/regexpbuilder

Regular Expression builder

Primary LanguageJavaApache License 2.0Apache-2.0

RegExpBuilder - a Regular Expression builder for Java.

Regular expressions are powerful but not easily readable, especially when coming back to one after a while. It's not without reason that the 'saying' goes:

Once a programmer had a problem, he tried to solve that with regular expressions, then he had two problems.

The reason regexps are not easily readable is because of their highly technical and compact (aka old fashioned) notation. Less is not always more. Adding a little verbosity sometimes can make things more readable. Like using names for patterns, instead of remembering what the heck \S meant (and no, I did not mean \s). It is not without reason single letter variable names are considered not done in programming.

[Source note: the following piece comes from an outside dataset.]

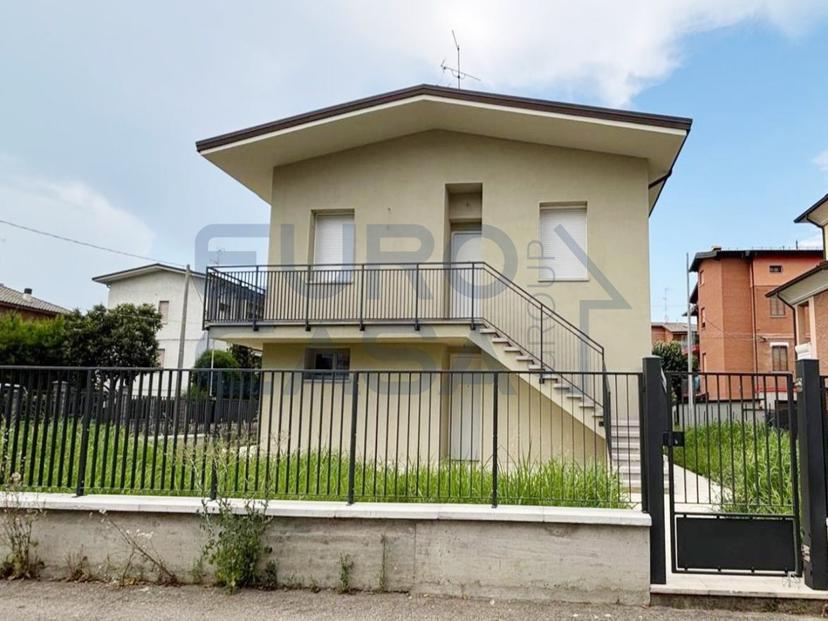 Casa indipendente in Via Vittorio Veneto, Formigine — foto 2 di 5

Now, there are already some implementations of Regex builders, like the one by Sergey. Which probably is a very good one, but I'm not sure I like the API; its resulting code does not make reading the regex any easier to me. So this is my attempt at writing a regular expression builder:

import org.tbee.regexpbuilder.RegExp;
import static org.tbee.regexpbuilder.RE.*;

RegExp regExp = RegExp.of()
                      .startOfLine()
                      .optional("abc")
                      .group("g1", oneOrMore(digit().digit()))
                      .group("g2", notOneOf("xyz"));
Matcher matcher = regExp.toMatcher("abc1234de");
matcher.find();
String g1 = matcher.group(regExp.indexOf("g1")); // results in "1234"

Or a little bit more complex example for log lines:

// RegExp for this: 127.0.0.1 - - [21/Jul/2014:9:55:27 -0800] "GET /home.html HTTP/1.1" 200 2048
RegExp regExp = RegExp.of()
        .group("ip", oneOrMore(nonWhitespace()))
        .text(" ")
        .group("client", oneOrMore(nonWhitespace()))
        .text(" ")
        .group("user", oneOrMore(nonWhitespace()))
        .text(" [")
        .group("datetime", oneOrMore(oneOf(word().or().text(":/"))))
        .text(" ")
        .group("offset", oneOf("+-").followedBy().occurs(4, digit()))
        .text("] \"")
        .group("method", oneOrMore(nonWhitespace()))
        .text(" ")
        .group("url", oneOrMore(nonWhitespace()))
        .text(" ")
        .group("http", oneOrMore(nonWhitespace()))
        .text("\" ")
        .group("status", oneOrMore(digit()))
        .text(" ")
        .group("size", oneOrMore(digit()));

String logLine = "127.0.0.1 - - [21/Jul/2014:9:55:27 -0800] \"GET /home.html HTTP/1.1\" 200 2048";
Matcher matcher = regExp.toMatcher(logLine);
matcher.matches();
matcher.group(regExp.indexOf("datetime"); // returns "21/Jul/2014:9:55:27"

Or pattern reuse:

// for #ABC or #ABCDEF
RegExp colorchar = range("a", "f", "A", "F", "0", "9");
RegExp regExp = RegExp.of()
    .text("#")
    .group(occurs(3, colorchar))
    .optional(group(occurs(3, colorchar)));

The or(), and(), and followedBy() are dummy methods, solely present for readability and may be omitted.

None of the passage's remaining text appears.